Veganism is insufficient to maintaining a world where animals of every stripe have space and opportunity to flourish. To build that world, we have to stop cooking the planet by burning fossil fuels to fly out-of-season food around the globe. We have to put more carbon in the ground where it can support life instead of threatening it. We have to stop buying food that comes wrapped in plastic, which later ends up in landfills and oceans. We have to stop poisoning landscapes and people with synthetic pesticides and fertilizers. We have to stop tearing down ecosystems to install monocultures. We have to stop destroying living soil and start creating more of it. Lovingly incorporating animals into regenerative food landscapes is a powerful way to do this, a means of creating a world where life can thrive.
People who reject factory farmed meat are already awake to the damage being caused by industrial farming — and what is more, they are willing to change their lifestyles to unplug from destructive systems. But there are solutions that go deeper and ultimately make a lot more sense, ones that produce good instead of simply abstaining from harm. They offer a way of eating that is active, delicious, and embedded. If we take a good hard look at our relationships with our ecosystems and eat accordingly, we might actually be able to save the world, as the vegan slogan goes.
If you care about people, animals, and the environment, we invite you to steep in these questions for a bit:
- Is my food in season?
- If it is an animal product, how was the animal raised? How was the animal killed? What did the animal eat?
- How is my food processed?
- How is the food I buy packaged and where does the packaging go after I discard it?
- How far has my food traveled?
- Is the water used in its production sourced and managed in an ecologically sensible way?

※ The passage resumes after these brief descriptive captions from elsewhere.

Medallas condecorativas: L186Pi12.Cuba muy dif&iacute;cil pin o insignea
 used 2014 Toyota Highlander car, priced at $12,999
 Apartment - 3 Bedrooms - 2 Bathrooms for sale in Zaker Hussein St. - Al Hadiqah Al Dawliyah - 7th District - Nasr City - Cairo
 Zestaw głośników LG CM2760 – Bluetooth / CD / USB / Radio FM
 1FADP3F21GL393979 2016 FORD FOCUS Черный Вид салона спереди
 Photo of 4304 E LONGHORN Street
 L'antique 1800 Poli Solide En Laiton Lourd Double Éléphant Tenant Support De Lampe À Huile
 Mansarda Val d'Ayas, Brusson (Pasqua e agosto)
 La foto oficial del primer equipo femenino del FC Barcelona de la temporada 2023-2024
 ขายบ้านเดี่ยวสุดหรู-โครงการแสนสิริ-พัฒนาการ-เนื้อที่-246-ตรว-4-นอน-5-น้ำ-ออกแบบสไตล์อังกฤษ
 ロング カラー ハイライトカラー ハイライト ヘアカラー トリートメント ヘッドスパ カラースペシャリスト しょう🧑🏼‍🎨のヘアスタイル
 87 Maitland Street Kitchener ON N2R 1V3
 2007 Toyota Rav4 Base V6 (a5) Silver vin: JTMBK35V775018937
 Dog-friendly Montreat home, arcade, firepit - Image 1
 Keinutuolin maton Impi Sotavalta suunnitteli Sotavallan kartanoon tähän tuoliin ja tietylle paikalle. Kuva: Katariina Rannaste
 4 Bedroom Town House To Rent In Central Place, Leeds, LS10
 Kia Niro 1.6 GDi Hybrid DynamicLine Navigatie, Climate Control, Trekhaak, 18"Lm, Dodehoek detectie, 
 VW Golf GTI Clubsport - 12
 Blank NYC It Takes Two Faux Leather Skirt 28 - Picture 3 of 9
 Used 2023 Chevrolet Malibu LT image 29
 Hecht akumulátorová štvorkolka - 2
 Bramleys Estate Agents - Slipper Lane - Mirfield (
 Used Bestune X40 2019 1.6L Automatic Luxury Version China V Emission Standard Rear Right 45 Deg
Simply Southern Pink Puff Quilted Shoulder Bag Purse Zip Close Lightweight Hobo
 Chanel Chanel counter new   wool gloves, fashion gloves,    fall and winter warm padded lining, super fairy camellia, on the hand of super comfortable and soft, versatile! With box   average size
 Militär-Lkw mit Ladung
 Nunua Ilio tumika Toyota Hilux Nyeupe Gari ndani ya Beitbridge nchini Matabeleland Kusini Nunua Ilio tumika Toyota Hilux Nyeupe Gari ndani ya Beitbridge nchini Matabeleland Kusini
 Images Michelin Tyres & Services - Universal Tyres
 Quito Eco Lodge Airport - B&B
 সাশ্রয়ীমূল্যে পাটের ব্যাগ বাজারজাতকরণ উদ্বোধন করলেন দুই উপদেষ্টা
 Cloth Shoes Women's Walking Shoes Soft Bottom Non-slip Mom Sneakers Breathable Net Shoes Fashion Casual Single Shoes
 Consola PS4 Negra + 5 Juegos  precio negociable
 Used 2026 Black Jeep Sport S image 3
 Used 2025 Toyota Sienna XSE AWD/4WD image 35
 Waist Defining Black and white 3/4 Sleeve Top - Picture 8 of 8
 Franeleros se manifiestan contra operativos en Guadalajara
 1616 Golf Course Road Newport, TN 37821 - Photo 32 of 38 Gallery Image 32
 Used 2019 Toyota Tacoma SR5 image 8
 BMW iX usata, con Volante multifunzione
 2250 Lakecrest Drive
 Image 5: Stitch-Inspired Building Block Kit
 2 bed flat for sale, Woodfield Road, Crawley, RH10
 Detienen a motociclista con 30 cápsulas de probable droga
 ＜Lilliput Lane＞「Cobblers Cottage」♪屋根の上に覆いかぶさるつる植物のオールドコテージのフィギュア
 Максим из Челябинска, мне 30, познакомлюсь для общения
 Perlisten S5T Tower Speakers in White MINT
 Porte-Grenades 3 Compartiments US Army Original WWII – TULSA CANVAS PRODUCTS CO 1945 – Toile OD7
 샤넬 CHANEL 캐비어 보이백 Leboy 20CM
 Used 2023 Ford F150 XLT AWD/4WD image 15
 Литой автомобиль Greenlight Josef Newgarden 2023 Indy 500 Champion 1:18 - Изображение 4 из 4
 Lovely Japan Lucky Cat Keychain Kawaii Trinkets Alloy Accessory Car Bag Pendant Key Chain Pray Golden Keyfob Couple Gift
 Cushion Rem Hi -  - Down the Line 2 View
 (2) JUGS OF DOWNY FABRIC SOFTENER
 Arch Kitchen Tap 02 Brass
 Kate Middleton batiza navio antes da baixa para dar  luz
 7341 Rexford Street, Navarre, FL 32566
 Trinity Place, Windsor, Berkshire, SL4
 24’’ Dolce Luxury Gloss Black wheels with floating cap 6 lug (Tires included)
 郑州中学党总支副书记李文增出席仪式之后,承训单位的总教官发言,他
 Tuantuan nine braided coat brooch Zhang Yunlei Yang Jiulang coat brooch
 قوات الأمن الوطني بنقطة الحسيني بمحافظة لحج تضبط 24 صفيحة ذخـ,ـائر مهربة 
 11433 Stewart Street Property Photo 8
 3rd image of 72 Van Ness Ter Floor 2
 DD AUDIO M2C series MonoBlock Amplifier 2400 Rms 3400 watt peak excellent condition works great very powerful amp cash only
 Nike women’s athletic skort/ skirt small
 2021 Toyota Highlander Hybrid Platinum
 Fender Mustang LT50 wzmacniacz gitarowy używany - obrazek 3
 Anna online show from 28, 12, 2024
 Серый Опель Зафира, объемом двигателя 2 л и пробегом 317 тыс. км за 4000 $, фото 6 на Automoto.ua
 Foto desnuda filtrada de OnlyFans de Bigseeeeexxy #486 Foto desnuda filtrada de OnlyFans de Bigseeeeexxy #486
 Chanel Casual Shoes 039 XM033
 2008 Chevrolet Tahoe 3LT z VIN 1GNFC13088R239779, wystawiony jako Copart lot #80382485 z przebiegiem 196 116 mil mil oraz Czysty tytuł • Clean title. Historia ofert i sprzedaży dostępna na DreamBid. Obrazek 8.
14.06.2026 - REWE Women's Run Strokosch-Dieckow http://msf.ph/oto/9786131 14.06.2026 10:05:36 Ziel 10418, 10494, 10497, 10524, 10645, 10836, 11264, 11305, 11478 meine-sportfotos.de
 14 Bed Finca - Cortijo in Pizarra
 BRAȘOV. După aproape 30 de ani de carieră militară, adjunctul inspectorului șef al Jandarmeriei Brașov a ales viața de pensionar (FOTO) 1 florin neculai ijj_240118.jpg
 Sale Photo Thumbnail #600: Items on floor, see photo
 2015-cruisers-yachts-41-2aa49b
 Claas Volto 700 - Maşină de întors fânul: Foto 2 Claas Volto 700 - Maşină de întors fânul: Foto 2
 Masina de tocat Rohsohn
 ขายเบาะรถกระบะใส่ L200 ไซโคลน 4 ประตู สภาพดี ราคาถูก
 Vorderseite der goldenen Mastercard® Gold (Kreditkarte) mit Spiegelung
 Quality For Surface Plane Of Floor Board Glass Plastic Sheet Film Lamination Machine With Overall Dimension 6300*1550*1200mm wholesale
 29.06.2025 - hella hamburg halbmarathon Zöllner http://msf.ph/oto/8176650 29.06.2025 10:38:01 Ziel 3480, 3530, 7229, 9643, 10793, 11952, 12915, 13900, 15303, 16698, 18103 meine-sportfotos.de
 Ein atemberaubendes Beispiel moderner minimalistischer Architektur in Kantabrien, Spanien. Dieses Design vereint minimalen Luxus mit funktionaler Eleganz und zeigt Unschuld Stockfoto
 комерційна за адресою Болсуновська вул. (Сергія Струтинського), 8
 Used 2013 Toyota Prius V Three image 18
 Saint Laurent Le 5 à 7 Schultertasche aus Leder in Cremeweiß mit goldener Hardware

- Is the soil that produced the food languishing or becoming more fecund?
- Does the landscape it was produced on provide habitats for a variety of wildlife?
- How are the people involved in the production, transportation, and sale of my food living? Are they treated fairly?
It’s likely that the only way to know the answers will be to get out of the city and meet some farmers. This takes more time that most modern humans are accustomed to dedicating to food provision, but a trip out into the countryside might also ease your alienation.
Either way, we hope you enjoy your food and your place in the trophic cascade of life and death.